Las petroleras atribuyen la escasez de gasoil al aumento de la demanda y a la imposibilidad de importar, porque aun sin impuestos, el gasoil traído del exterior es más caro que el local. El gobierno ya presionó sobre todo a Repsol YPF para que importara y la empresa ingresará unos 145.000 metros cúbicos de gasoil a fin de mes.

Según el criterio oficial, expresado semanas atrás por el ministro Julio De Vido, «compañías que ganan millones de dólares no se pueden quejar por perder algunos pesos por importar».

  • Afectados

    El problema del gasoil afecta al interior del país, donde hay más demanda del campo, y en especial a las estaciones de servicio blancas, sin bandera, porque las petroleras abastecen a los surtidores de sus propias redes.

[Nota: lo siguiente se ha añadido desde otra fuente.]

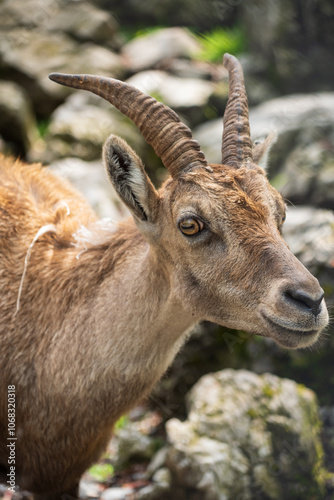 Chamois at the Wildpark Brienz in Switzerland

    Si tienen excedente, las empresas, al igual que los distribuidores mayoristas, preferirían vender al agro, a la industria o alguna central eléctrica, a los que pueden cobrar un precio más alto que a los estacioneros. La consecuencia inmediata de esto es que hay unas 1.500 estaciones blancas que están en riesgo de quiebra y que ya suspendieron a unos 650 operarios. Por otra parte, termina habiendo menos bocas de expendio con disponibilidad de gasoil, con lo cual las de bandera también suelen quedarse sin producto.

  • Riesgo

    Trabajadores de bocas de expendio lanzaron ayer un paro de actividades para el 13 de octubre, porque según el secretario general del Sindicato Obreros y Empleados de Estaciones de Servicio, Carlos Acuña, «hay 1.500 estaciones de servicio y 18.000 puestos de trabajo en riesgo por la crisis que atraviesa el sector».

    Por su parte, la titular de la Federación de Empresarios de Combustibles de la República Argentina ( FECRA), Rosario Sica, reconoció que «algunos empresarios han tenido que suspender a parte del personal por la crítica situación de desabastecimiento».

    Si bien Sica advirtió que «esta situación se agrava todos los días», confió en que «en el transcurso de la semana se comience a solucionar», porque, según dijo, el viernes pasado llegaron barcos con gasoil importado y las petroleras prometieron colocarlo en las estaciones, aun en las blancas.